Em fell silent. She held her Earl Grey up to her nose to smell the Bergamot.
“And?”
“They hanged a lot of women for witchcraft in Boston,” Em said.
“I’ve heard,” her father said.
“One of them has haunted the park across the street from my house for more than three hundred years,” Em said. “She asked to be sent on last week, which we did. When she was leaving, she wished me ‘Good luck.’ And before that, she said she wanted to move on before . . .”
“Before?”
“She didn’t say,” Em said.
Her father gave her a knowing nod.
“What?” Em asked.
“You’ve met your demon,” her father said.
“What does that mean?” she asked.
“We are made of the creator,” her father said. “They are made of the opposite — chaos, entropy, devil, demon — pick a word. Each of us has an opposite.”
“And the others?”
“They have only you,” her father said. “That doesn’t mean that this creature doesn’t want some of his own witches. He’s likely recruiting ghosts and other malcontents. They are easier to gain access to because they have so much time and so little to do. They also don’t have bodies to feed.”

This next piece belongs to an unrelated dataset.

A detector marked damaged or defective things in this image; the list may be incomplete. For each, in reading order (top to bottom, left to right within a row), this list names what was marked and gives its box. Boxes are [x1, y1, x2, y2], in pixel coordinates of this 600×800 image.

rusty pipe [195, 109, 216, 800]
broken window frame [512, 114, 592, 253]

“The others,” Em started and then stopped.
“Yes?”
“They are having dreams of Salem Village,” Em said. “They feel like they’re right there. I watched their faces when they told me.”
“And?”
“I think they’d go back in a heartbeat,” Em said.

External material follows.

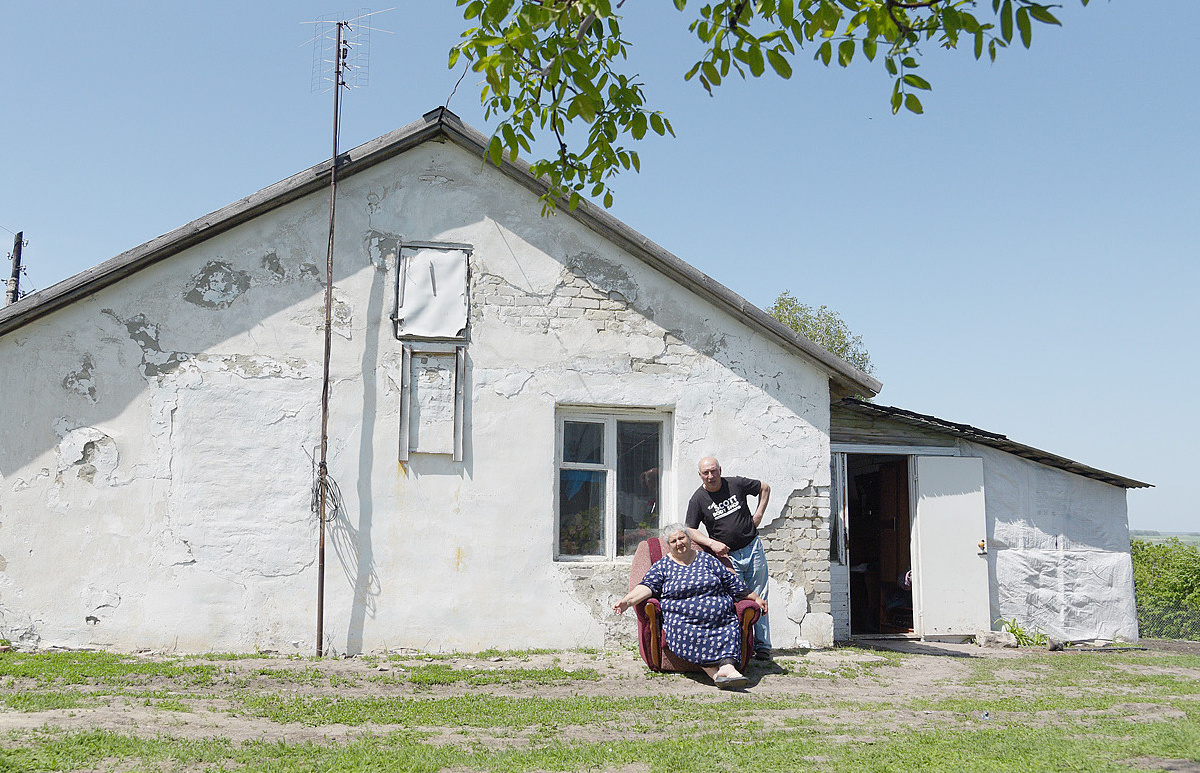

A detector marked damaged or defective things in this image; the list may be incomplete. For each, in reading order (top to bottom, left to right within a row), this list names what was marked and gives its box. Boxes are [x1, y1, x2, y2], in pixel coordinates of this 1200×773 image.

“There’s nothing to go back to,” her father said.
“They would rather die than extend this prolonged life,” Em said. “I’ve heard them say that a prolonged life is like a kind of death.”
“And you?”
“Life is life,” Em said. “Death is death.”
“You are suited for immortality,” her father said.

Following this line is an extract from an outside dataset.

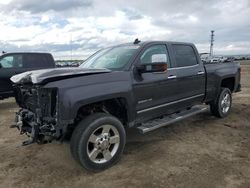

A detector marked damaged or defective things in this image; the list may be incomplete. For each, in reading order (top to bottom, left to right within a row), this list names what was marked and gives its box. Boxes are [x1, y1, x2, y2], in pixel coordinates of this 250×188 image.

crumpled hood [10, 67, 110, 84]
damaged front end [12, 86, 59, 146]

“Suited or not, it’s what I have,” Em said.
Her father laughed. Not sure how to respond, Em fell silent. She watched the stars and listened to the surf in companionable silence with her father. She was so focused on the dancing stars that she started when he spoke.
“Surely, this is of your devil’s making,” her father said.
“What is?” Em asked.
“Your witches’ longing for the days gone by and their old homes,” her father said.
“Why would he doing this?” Em asked.
“To remove your witches from your side,” her father said. “Increase his odds of winning.”
“Winning?” Em asked.
“The war,” her father said.
“W
ar? What war?”
“With you,” her father said. “He’s trying to reduce your ranks. He must think that the reason you transformed these people is so that you would have soldiers of your own. I would.”
“That’s not true,” Em said.
“Doesn’t matter,” her father said. “He deals in deceit and lies.”
“We are truth tellers,” Em said. “George said the demon reminded him of a feeling or fog hanging over Salem Village when he returned. He was surprised at the darkness that seemed to encompass the entire region.”
“Truly?” her father looked surprised.
Em nodded.
“That means he’s planned this war,” he said.
“George?”
“Your demon,” he said.
“Where’s he been for more than three hundred years?” Em asked.
“Planning a war, no doubt,” her father said.
“What?” Em sat up in her chair.
“He’s planning a war against you.”
“Can he do that?” Em asked.
“He can and will,” her father said. “Every new immortal must face their demon, and it always ends in war.”
“Why?” Em asked.
“It’s part of the deal,” her father said with a smile.
“Have you met your demon?” Em asked.
“I have,” her father said.
“And?”
Her father shrugged and looked away.
“Did you win?” Em asked.
“I suppose so,” her father said. “I . . . You remember the plague? The fire?”
“Of course,” Em said.
Her father nodded.
“That was your war?” Em asked.
“Battles in my war,” her father said. “We came here for me to recover.”
“Recover?”
“From the battle,” her father said. “But the demon never stops until . . .”
Em watched rage and sorrow move across her father’s face until all that was left was resignation. He glanced at her and noticed her attention for the first time. He cleared his throat.
“It was a long time ago,” he said.
“It was.”
“I think the final battle was Henry,” her father said. “My only child left on a boat with Henry Rich. Did he get sick on the trip?”
“Yes,” Em said. “I never knew what happened. He’d been such a vibrant man, and suddenly he was ill.”